**TASK:** Type out the complete listing below word for word, without its pictures.

**MATERIAL PROVIDED:**
────
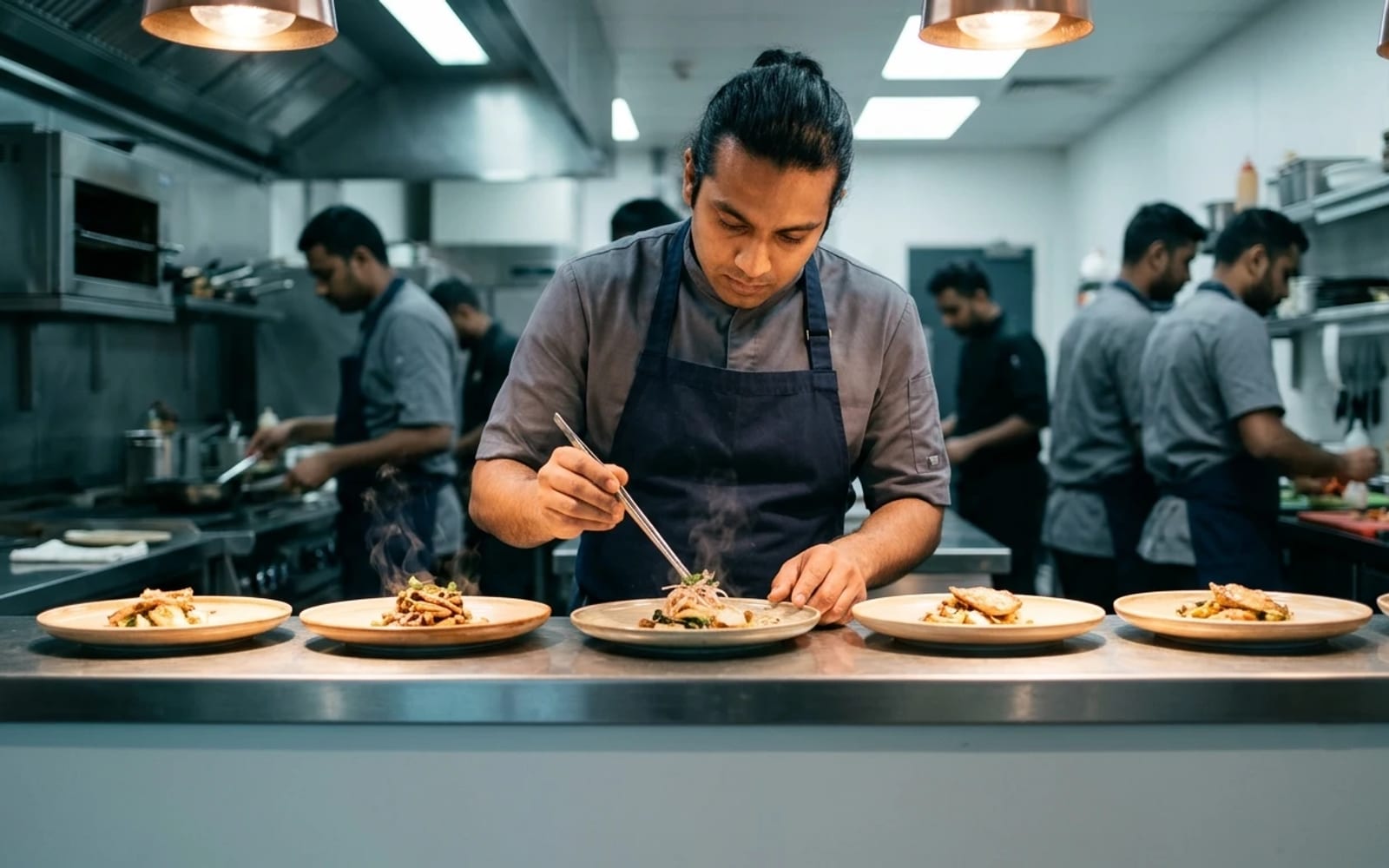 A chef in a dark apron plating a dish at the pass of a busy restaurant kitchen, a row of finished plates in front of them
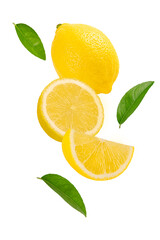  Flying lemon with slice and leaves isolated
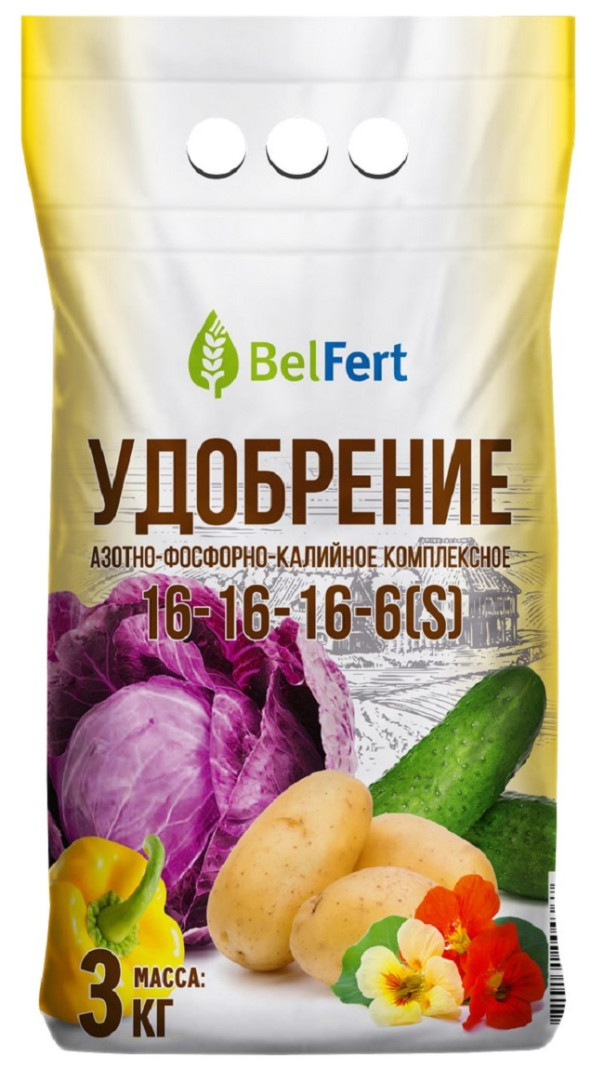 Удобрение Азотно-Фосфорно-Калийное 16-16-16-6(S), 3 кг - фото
────
**THE ANSWER:**
 A chef in a dark apron plating a dish at the pass of a busy restaurant kitchen, a row of finished plates in front of them
  Flying lemon with slice and leaves isolated
 Удобрение Азотно-Фосфорно-Калийное 16-16-16-6(S), 3 кг - фото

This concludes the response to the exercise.